◆ DATA SHOWN:
--- START ---
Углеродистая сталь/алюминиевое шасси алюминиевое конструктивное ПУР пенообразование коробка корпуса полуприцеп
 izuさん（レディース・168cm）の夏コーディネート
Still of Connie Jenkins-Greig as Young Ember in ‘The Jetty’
--- END ---
--- START ---
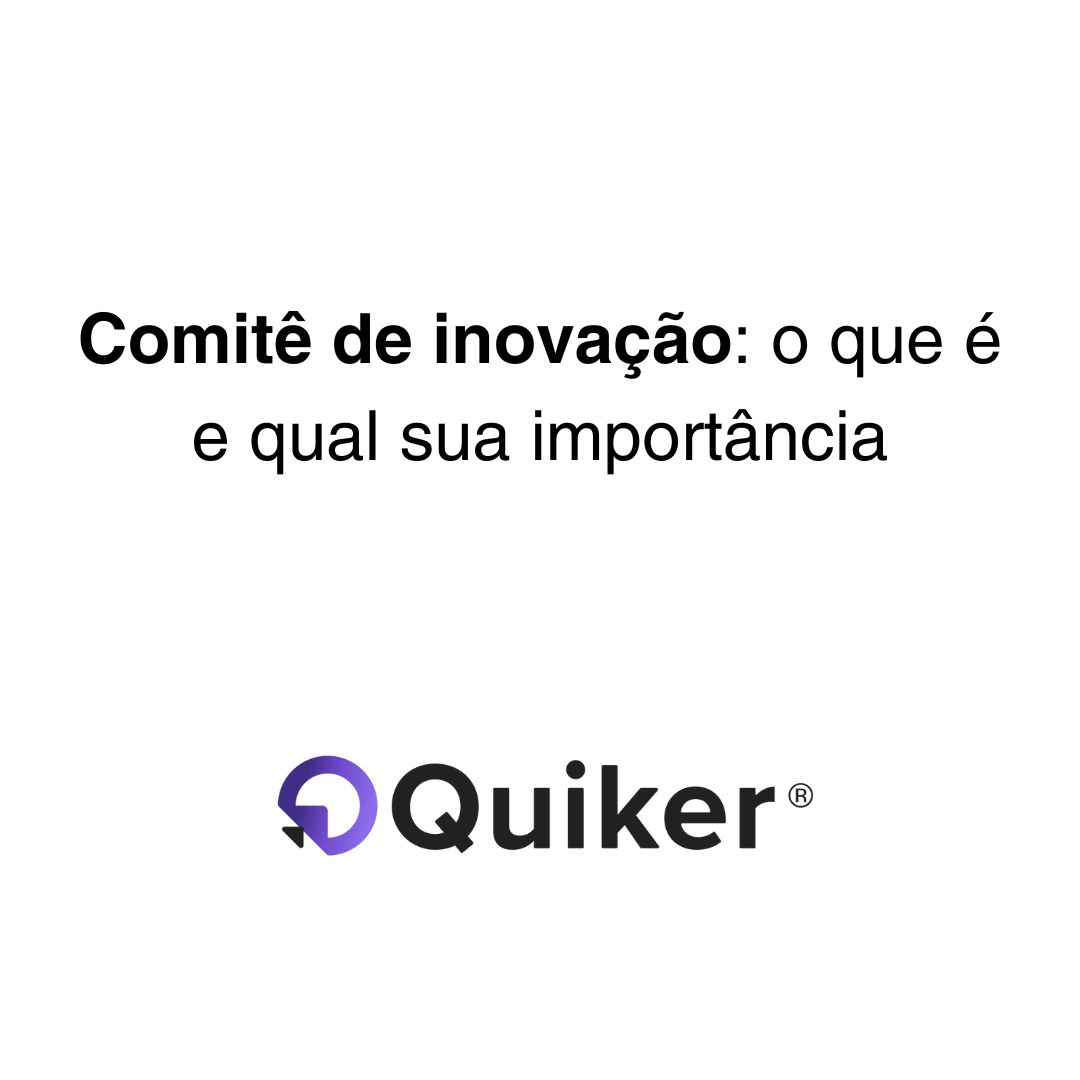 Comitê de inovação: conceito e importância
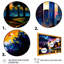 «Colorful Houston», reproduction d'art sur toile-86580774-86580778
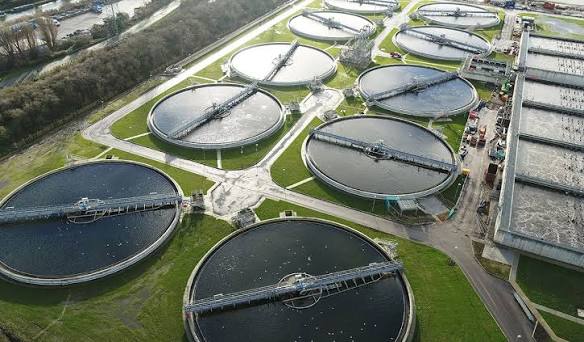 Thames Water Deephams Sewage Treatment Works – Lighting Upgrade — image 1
--- END ---
◆ WHAT TO DO:
Would you copy out, exactly and with no pictures, only the lines above from the one that contains "d'art sur toile-86580774-86580778" through the one that contains "Thames Water Deephams"?

◆ EXERCISE RESPONSE:
 «Colorful Houston», reproduction d'art sur toile-86580774-86580778
 Thames Water Deephams Sewage Treatment Works – Lighting Upgrade — image 1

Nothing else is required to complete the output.